# Bitcoin Financial Modelling
##Based of previous experimentation, I'm going to break down what I've found into classes, and explain each one individually

In [None]:
import numpy as np
import os
import pickle
import pandas as pd
import itertools
import matplotlib.pyplot as plt
import pandas.io.data as web
%matplotlib inline

###Step 1: Setting up our dataset

In [None]:
# This class is responsible for holding our initial pandas dataframe after we import our data from a pickled object in a file
class Dataset():
    def __init__(self, loc):
        # load from file
        mydata = None
        try:
            mydata = pickle.load(open('modelling/{}'.format(loc), 'rb'))
        except:
            mydata = pickle.load(open('../resources/{}'.format(loc), 'rb'))
        
        # Create the dataframe and label the columns
        self.dataset = pd.DataFrame(mydata, columns=["Time", "Value"]).drop_duplicates()
        
        # Set time as the index column. 
        # pd.to_datetime just makes the the time column pandas time dataype (easier to manipulate)
        self.dataset["Time"] = pd.to_datetime(self.dataset["Time"])
        self.dataset = self.dataset.set_index('Time')
        
        # Set our market change... this tells us how many percent the market has moved from the last sample datapoint.
        self.dataset['Market'] = np.log(self.dataset['Value']/ self.dataset['Value'].shift(1))

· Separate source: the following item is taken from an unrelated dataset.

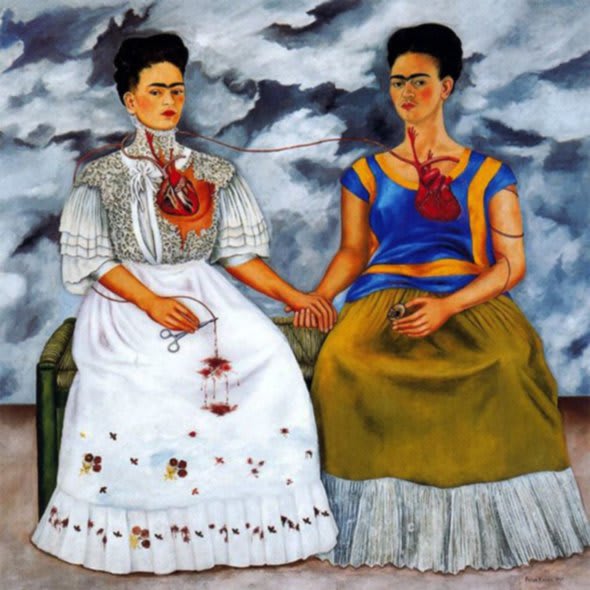 Die zwei Fridas - Frida Kahlo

###Step 2: A class to create strategies

In [None]:
class Strategy():
    # Take name and a dataset
    def __init__(self, dataset, name, stop = False):
        self.name = name
        # We only care about market and regime values
        # We need to call convert convert_objects so things don't go tits up
        self.dataset = dataset[['Market','Regime']]#.convert_objects(convert_numeric=True)
        # Calculate the strategies taking if we don't count shorting (useful for final profit margins)
        if stop:
             self.dataset['Strategy'] = np.where(dataset['Regime'].shift(1) > 0, dataset['Regime'].shift(1) * dataset['Market'], 0)
        else:
            # Caltulate strategies if shorting is included, good for determining performance
            self.dataset['Strategy'] = dataset['Regime'].shift(1) * dataset['Market']
            # Work out hourly gain, I need to make this more general
            self.dataset['hourly_gain'] = self.dataset['Strategy'].cumsum().apply(np.exp) - self.dataset['Strategy'].shift(60).cumsum().apply(np.exp)
        self.dataset = self.dataset.convert_objects(convert_numeric=True)
    # These are our different inits effectively.
    # from regime is from an existing dataset with a regime already worked out
    @classmethod
    def from_regime(cls, dataset, name):
        new_dataset = pd.DataFrame(dataset[['Market','Regime']])
        return Strategy(new_dataset, name, True)
    
    # Return our strategy created from a couple of means and their standard deviations.
    @classmethod
    def from_means(cls, dataset, mean1, mean2, sd):
        # Give it a name that makes sense
        name = "{}-{}-{}".format(mean1,mean2,sd)
        # See if the means are already in the main dataset... this is just to save on computation time.
        cols = list(dataset.columns.values)
        # If these means haven't mean figured out yet, then do it
        if mean1 not in cols:
            dataset[mean1] = np.round(pd.rolling_mean(dataset['Value'], window=mean1), 2)
        if mean2 not in cols:
            dataset[mean2] = np.round(pd.rolling_mean(dataset['Value'], window=mean2), 2)
        
        # Next lets create a new dataset to stop us from cluttering the old one
        new_dataset = pd.DataFrame(dataset[['Market']])
        # Work out the difference between the means
        new_dataset['Difference']= dataset[mean1] - dataset[mean2]
        
        # Work out what our buy/sell regime would be with these means and this standard deviation
        new_dataset['Regime'] = np.where(new_dataset['Difference'] > sd, 1, 0)
        new_dataset['Regime'] = np.where(new_dataset['Difference'] < -sd, -1, new_dataset['Regime'])
        return Strategy(new_dataset, name)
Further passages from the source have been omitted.